Im Lichte unserer Berufung haben wir in diesen Tagen klarer erkannt, was die ‚drei Pfeiler‘ als Wegweiser zu bedeuten haben, damit wir zu dieser Bekehrung und Fügsamkeit gelangen, die uns fähig machen, dem Herrn zu folgen und seinen Belangen in aufrichtiger und von Herzen kommender Liebe zu dienen, die nichts für sich selbst zurückbehält oder erstrebt, sondern durch Einsatz und wachsames Gebet für viele den Weg bahnen und den Suchenden ein Licht sein will.

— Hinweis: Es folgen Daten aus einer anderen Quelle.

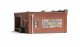 Built-&-Ready(R) - Assembled -- Smith Brothers TV & Appliance Store, HO, Woodland Scenics 5069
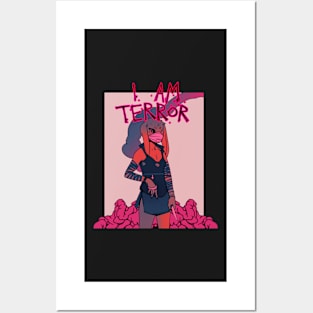 I AM TERROR 1 Posters and Art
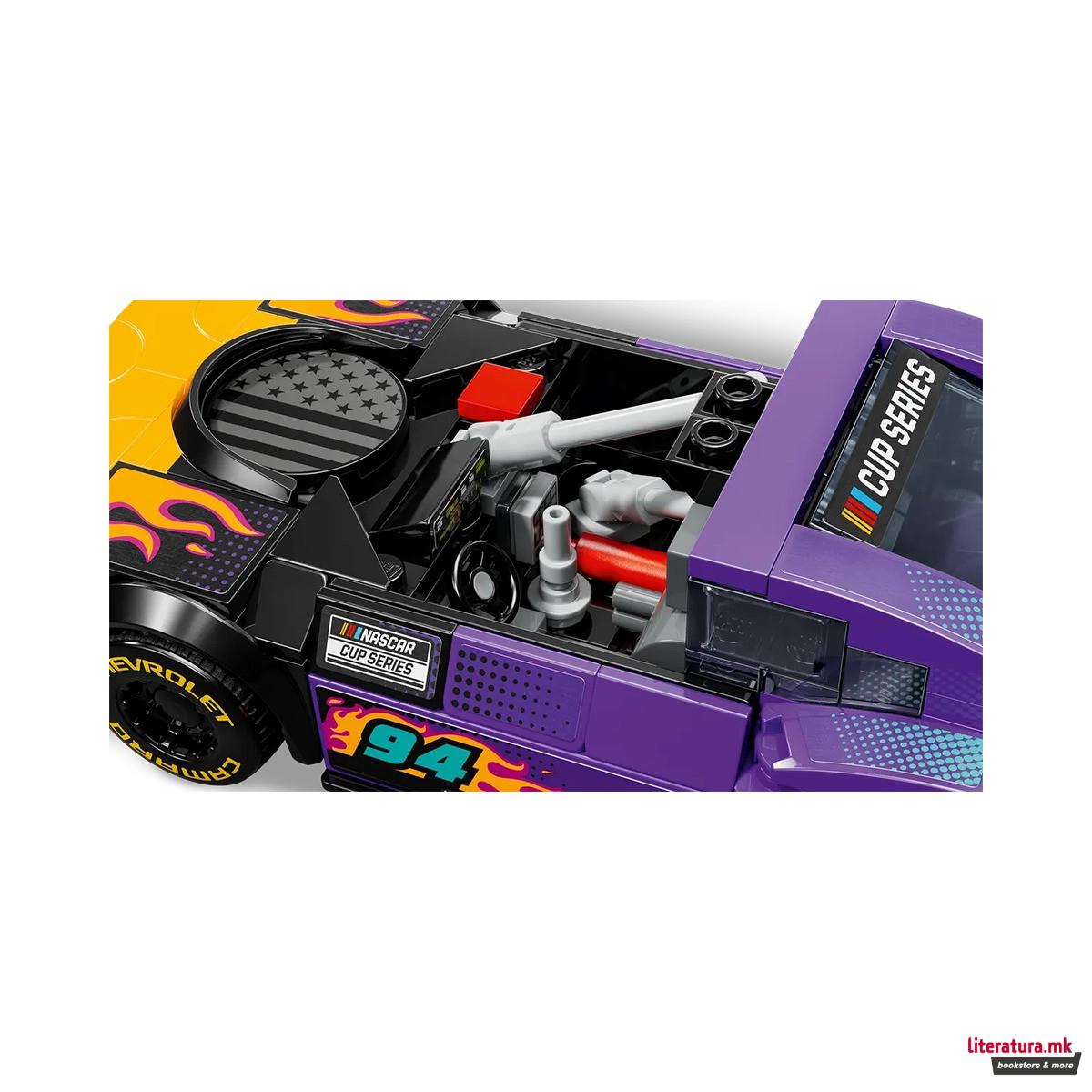 LEGO коцки, Speed Champions, NASCAR® Next Gen Chevrolet Camaro ZL1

Wir sind uns im Klaren darüber, wie viele Irrlichter uns umgeben, wie viele verlockende Einladungen der Welt uns auf Wege des Erfolges führen wollen, wie viele Gefahren uns von allen Seiten umringen und uns heimtückische Kompromisse anbieten, die durch Interpretationen und Manipulationen uns geschickt scheinbar Gutes und Scheintugend vorspiegeln und dem Verrat am Heiligen großzügige Unterstützung versprechen.

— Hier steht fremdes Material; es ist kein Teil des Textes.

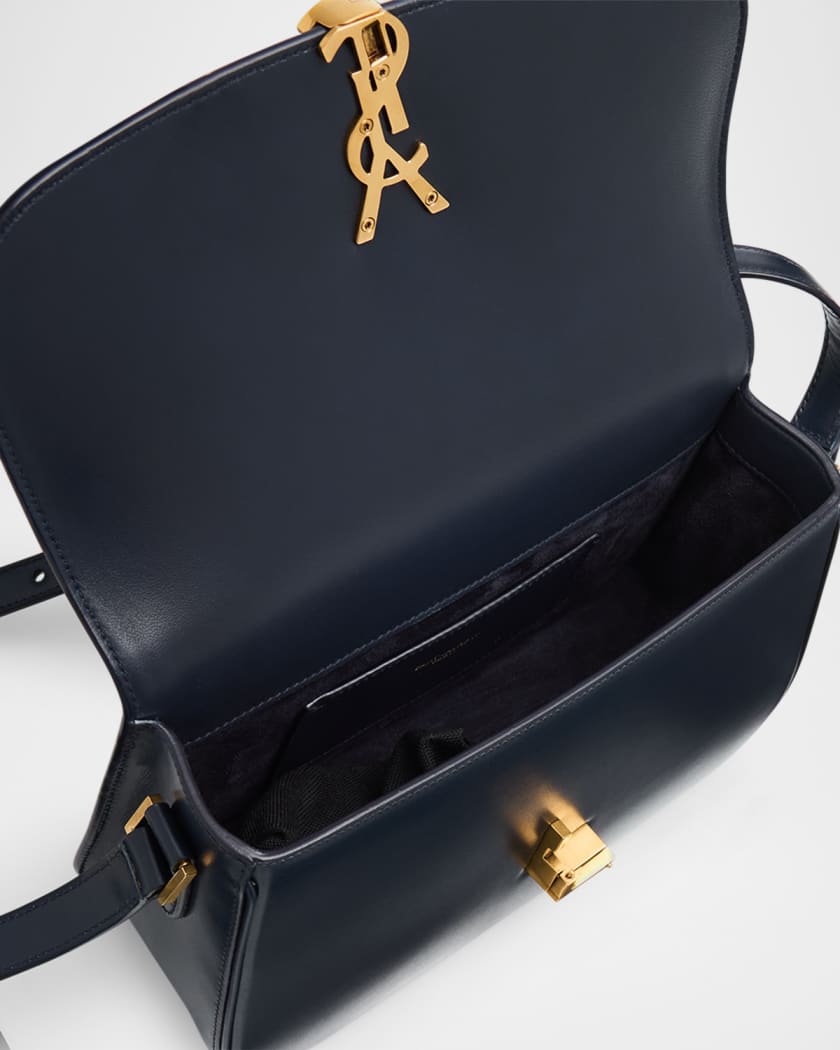 Solferino Medium YSL Shoulder Bag in Smooth Leather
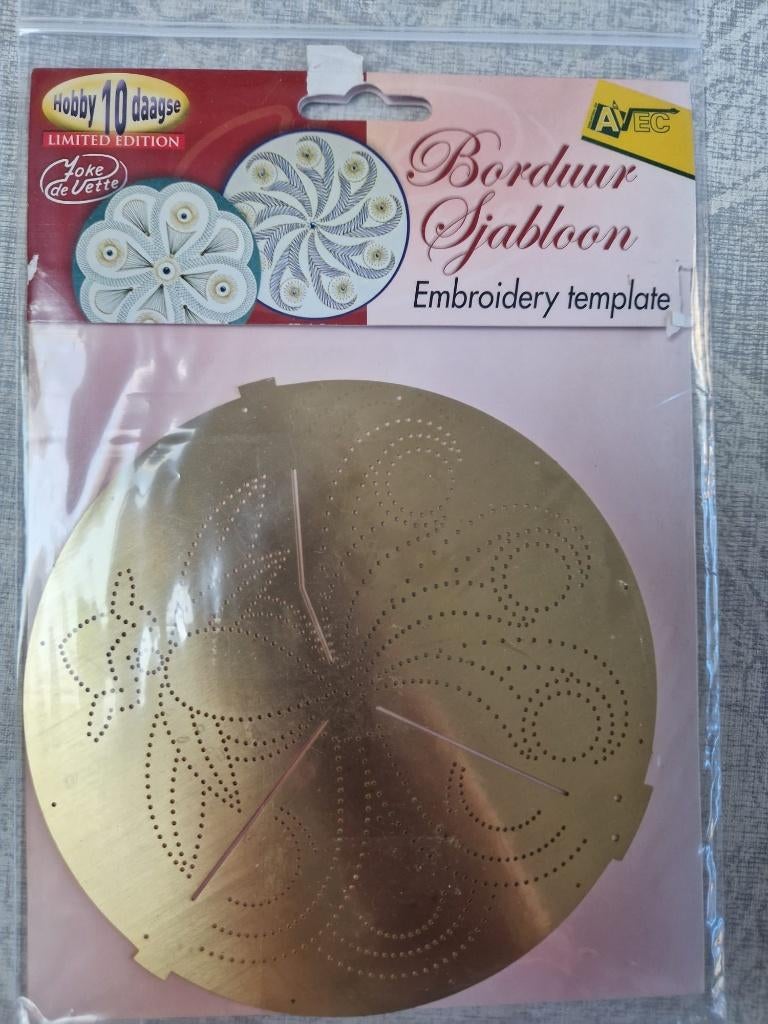 borduursjabloon voor mandala, Ophalen, Nieuw, Overige thema's, Pons of Mal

Das Gebet, die praktische Übung der Wachsamkeit und Abtötung, die wir uns in dieser Fastenzeit mit größerem Eifer auferlegt haben, gewährten uns eine tiefere Einsicht in das Wesen der Sünde und in ihre Folgen.
Wir sahen sie vom Leiden des Herrn her, von seinem Prozess, seiner Gefangennahme und seiner Verurteilung zum Tode – und auch von den konkreten Situationen her, mit denen wir täglich konfrontiert sind und die uns die Zeichen der Zeit widerspiegeln.
Alle diese Erfahrungen sollen unser Herz öffnen, damit wir
- Unser ‚Heiliges Bündnis‘ besser und treuer im Leben verwirklichen;
- Zeugnis geben von der Osterfreude in der Kraft der Gnaden, die wir in solch überfließendem Maße empfangen durften.
Es sei uns eine heilige Pflicht, diese Freude über unsere Auferstehung im Herrn Jesus, unserem Erlöser und Heiland, wie Sonnenlicht auszustrahlen, damit er von den Menschen besser erkannt und mehr geliebt werde und damit in unserer Welt und unter unseren Zeitgenossen weniger Leid und Dunkelheit herrsche.